ここで、S1001とS1002のミッション演出設定処理の設定方法について詳しく説明する。図11は、変動演出の流れと演出ボタン5dが操作されるタイミングを示す説明図である。
図11に示すように、変動演出が予告演出→リーチ演出→第1発展演出→第2発展演出の順で実行され、演出ボタン5dの有効期間が予告演出の開始から第1発展演出が終了するまでに設定されているものとする。前述したように、サブ制御基板260のCPU260aは、特別図柄の変動時間を計時しており、演出ボタン5dが操作された時点で変動演出がどの段階にあるかを把握している。
例えば、「A」のタイミングで演出ボタン5dが操作された場合には、既に予告演出が実行されているので、ミッション演出の特定条件は、これから実行されるリーチ演出、第1発展演出、第2発展演出のいずれかで達成される内容とする。また、「B」のタイミングで演出ボタン5dが操作された場合には、既にリーチ演出が実行されているので、ミッション演出の特定条件は、これから実行される第1発展演出、第2発展演出のいずれかで達成される内容とする。また、「C」のタイミングで演出ボタン5dが操作された場合には、既に第1発展演出が実行されているので、ミッション演出の特定条件は、これから実行される第2発展演出で達成される内容とする。このように、S1001とS1002のミッション演出設定処理では、これから実行される変動演出(演出ボタン5dが操作された時点よりも後に実行される変動演出)の内容と一致または不一致する特定条件を選択して設定する。

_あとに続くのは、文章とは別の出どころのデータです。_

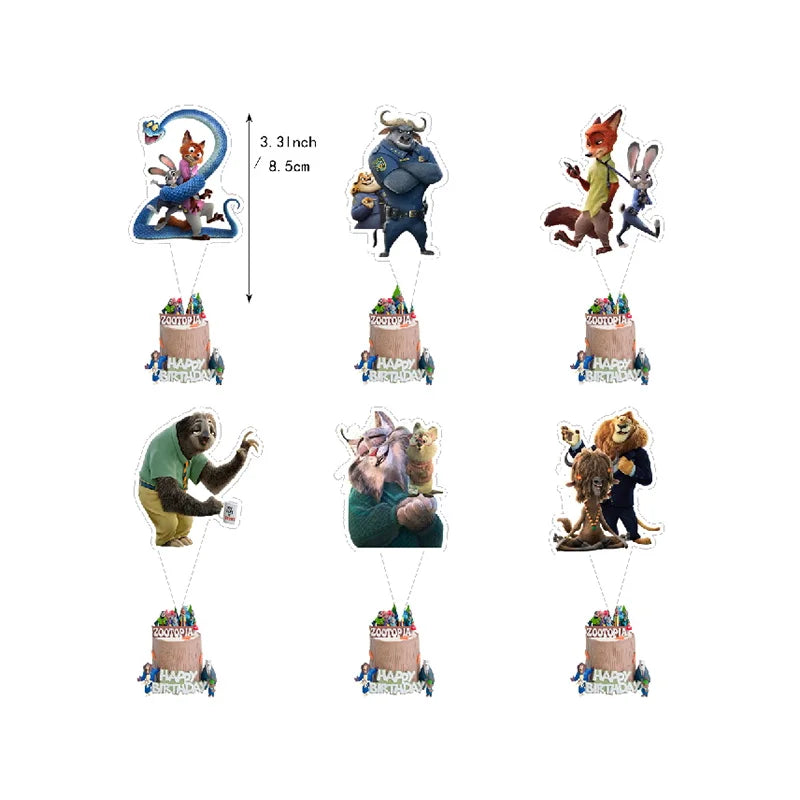 Disney Zootopia Birthday Party Decorations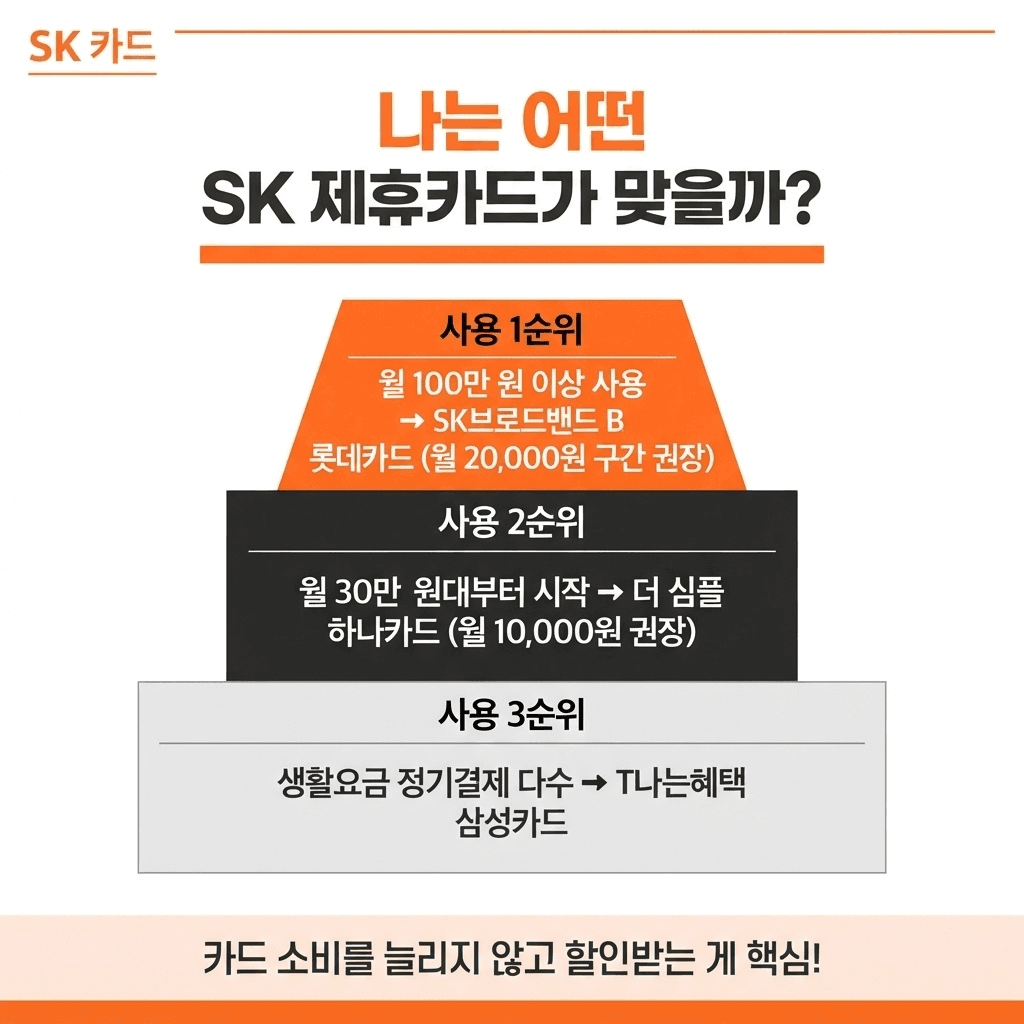 SK 인터넷 제휴카드 비교 – 전월실적별 할인액과 3년 절약금액 총정리 관련 이미지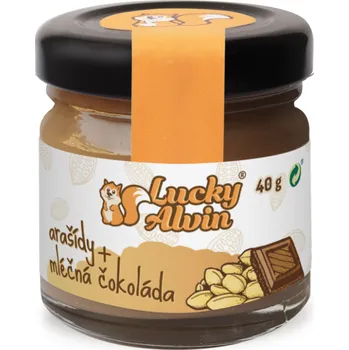 Ochutnávka - Arašídový krém s mléčnou čokoládou, 40 g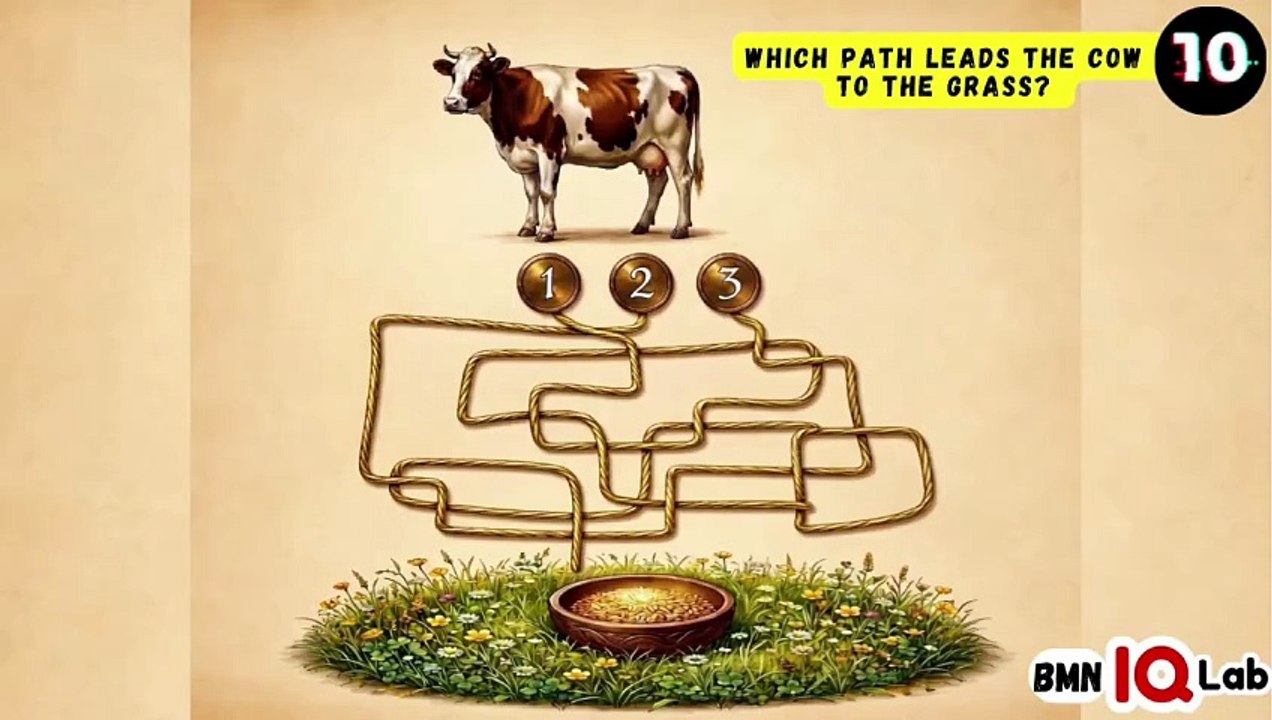 #GuessingDoesntWork ✋️😒 Which Path Leads the Cow to the Grass? 🌱🐄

次に、図9に戻り、ミッション演出を実行する(S908)。具体的には、S1001またはS1002で設定したミッション演出の特定条件を演出表示装置25の表示領域に表示する(図3(b)参照)。これにより、ミッション演出の開始が遊技者に報知される。このとき、演出表示装置25の表示領域で行われている変動演出は一時中断され、特定条件の表示が消去された後で一時中断したところから変動演出が再開される。なお、変動演出を一時中断したところから再開させるに当って、変動演出を行う時間が特別図柄の変動時間よりも長くなってしまうことが考えられる。このような事態を防ぐために、変動演出の時間を特別図柄の変動時間よりも若干短めに設定しておくことが望ましい。つまり、特別図柄の全ての変動パターンでミッション演出が発生されることを予め想定し、演出表示装置25に特定条件が表示される時間(例えば2秒)分だけ、変動演出が行われる時間が特別図柄の変動時間よりも短くなるように、変動演出を設定すればよい。こうしておくことで、どのタイミングでミッション演出が発生しても、変動演出を行う時間が特別図柄の変動時間よりも長くなってしまうことを防止できる。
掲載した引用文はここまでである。